Tuesday, September 23, 2008

Senate Homeland Security Panel Passes IT Bills

The Senate Homeland Security and Government Affairs Committee late Tuesday approved a pair of federal information security bills introduced by Sen. Tom Carper, D-Del., as lawmakers prepare to leave Washington later this week to campaign for the November elections.

One bill, written by Carper as chairman of the Subcommittee on Federal Financial Management, Government Information, Federal Services and International Security, is intended to improve the way agencies safeguard sensitive information and thwart cyber attacks. The bill grew out of a concern expressed by Carper and others that compliance with existing data security regulations has largely become a paperwork exercise.

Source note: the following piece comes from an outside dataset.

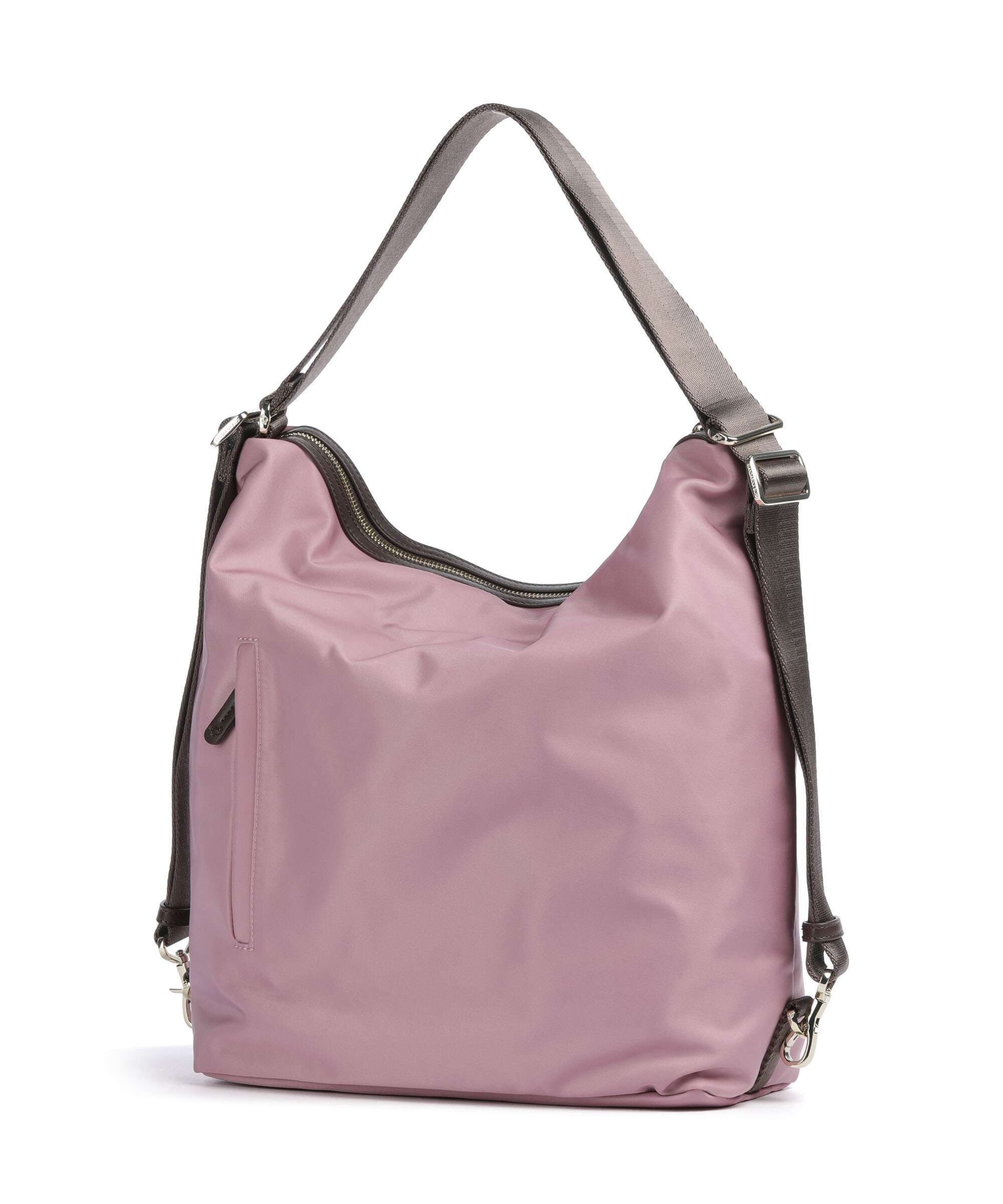 Mandarina Duck Hunter Backpack bag lilac rose - Image 2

"It was extremely sobering to learn how often and how easily agency information networks can be compromised," Carper said in a press release. "We are open to attack not only from countries like Russia and China, but to criminal syndicates and terrorists. It is frightening to learn that the most powerful government in the world has essentially been helpless until now in preventing these information technology attacks."

Carper's bill would require inspectors general to measure the effectiveness of data security policies; increase the authority of chief information security officers; topple artificial barriers and increase collaboration by establishing a CISO council directed by the National Cyber Security Center; and require the Homeland Security Department to conduct regular mock attacks against agency networks to discover vulnerabilities.

His second bill is aimed at improving federal agencies' and Congress' ability to monitor risky information technology investments. "IT investments contain an inherent risk that the system may cost more than expected or not perform the way it was planned," Carper said. "It is simply unacceptable that $21 billion dollars, or nearly a third of our IT budget, may be wasted this year because so many projects are poorly planned or managed."